Votum von Angelika Murer Mikolasek zu ihrer Interpellation "Vorbereitung für den Kindergarten"

Geschätzte Anwesende im Saal und am Bildschirm

Gemäss der Interpellationsantwort des Stadtrats haben im Schuljahr 2020/21 deutlich mehr als die Hälfte, nämlich 57.44% der in den Kindergarten eingetretenen Kinder nicht Deutsch als Erstsprache angegeben. Insgesamt haben 28% nur wenig und 10% gar kein Deutsch gesprochen, als sie in den Kindergarten eingetreten sind – dies gemäss Einschätzung der Eltern. Somit sind die Kindergärten damit konfrontiert, dass 38% der eintretenden Kinder kaum Deutsch verstehen. Wenn man davon ausgeht, da die Verteilung der fremdsprachigen Kinder auf die Kindergärten je nach Quartier unterschiedlich ist, dürfte es einige Kindergärten geben, in denen der Anteil Kinder, die kaum Deutsch verstehen, noch deutlich höher ist.
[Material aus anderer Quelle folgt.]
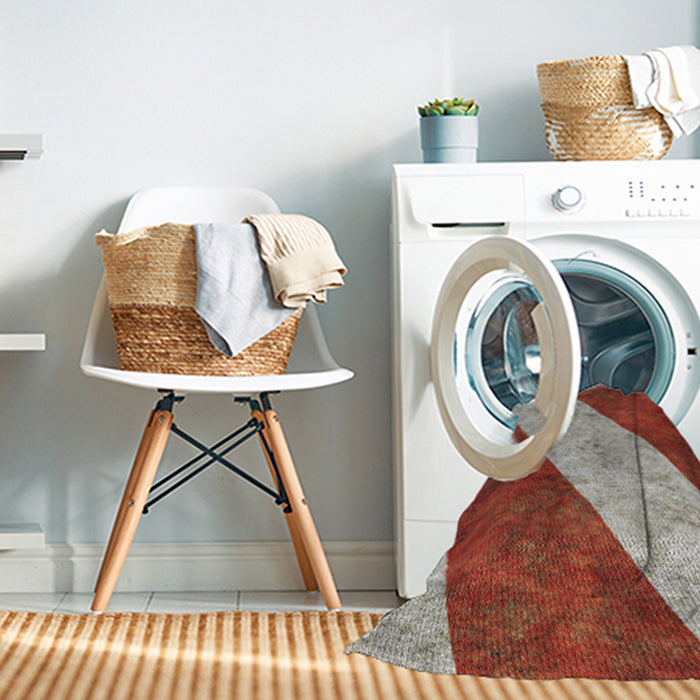 Machine Washable Transitional Red Rug in a Washing Machine, wshpat1676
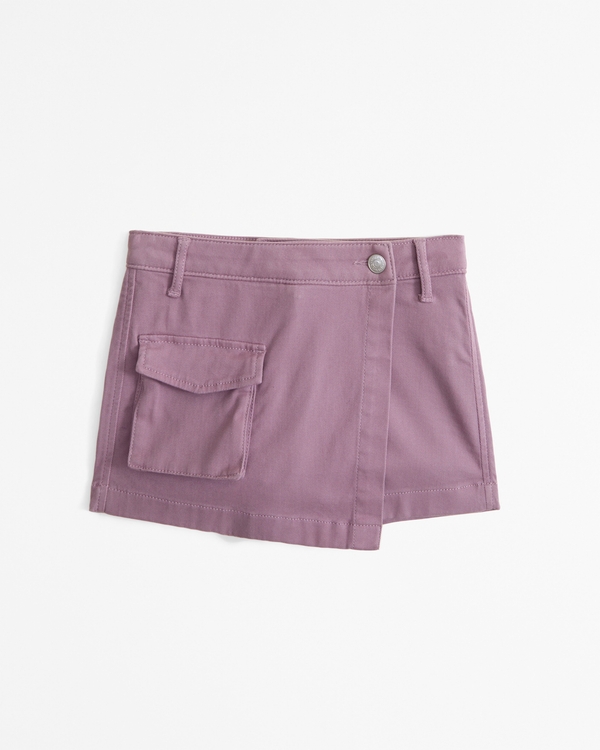 utility wrap skort, Dusty Pink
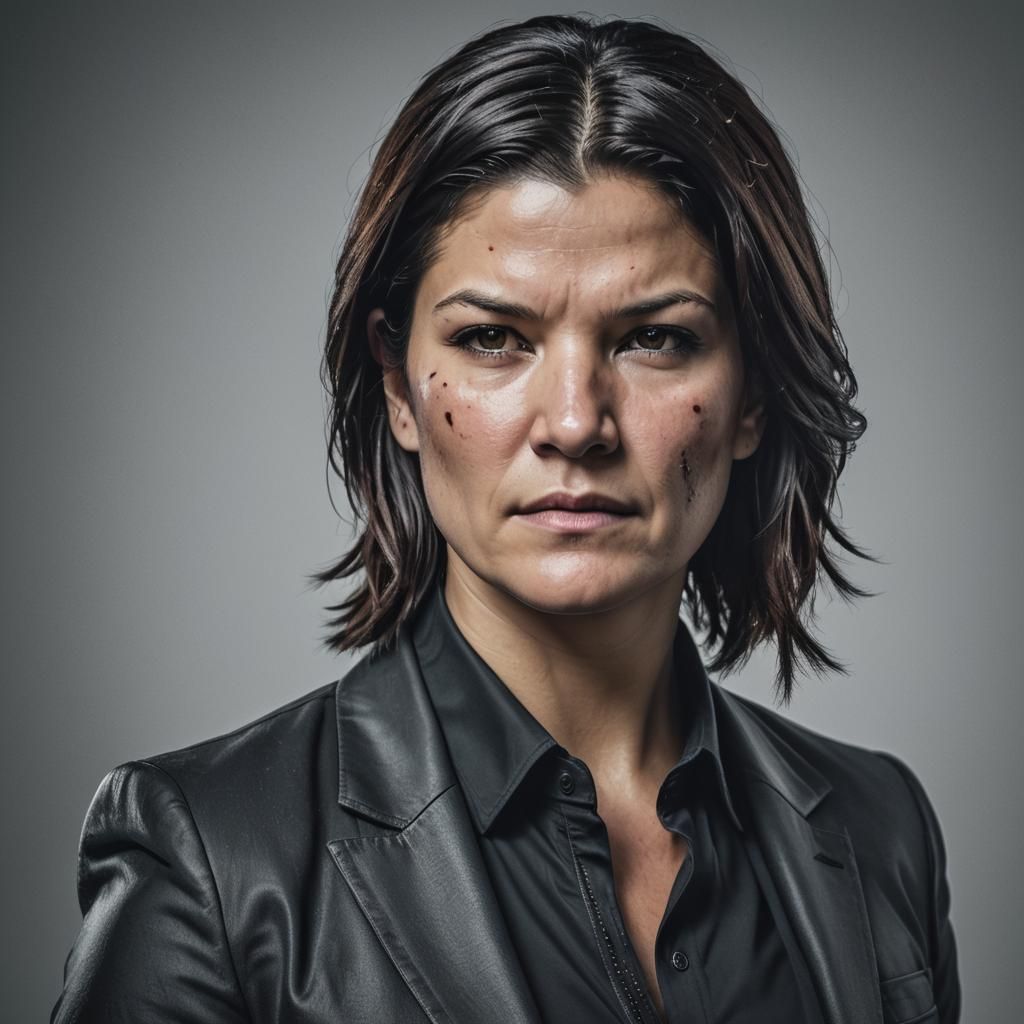 Gina Carano as Female John Wick: Sharp Focus Portrait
Hinzu kommt, dass sich gemäss der Antwort des Stadtrats ebenfalls deutlich mehr als ein Drittel der Kinder bei Kindergarteneintritt nicht selbständig an- und ausziehen können, fast 10 % der Kinder nicht selbständig auf die Toilette gehen können und vereinzelt sogar noch Windeln tragen.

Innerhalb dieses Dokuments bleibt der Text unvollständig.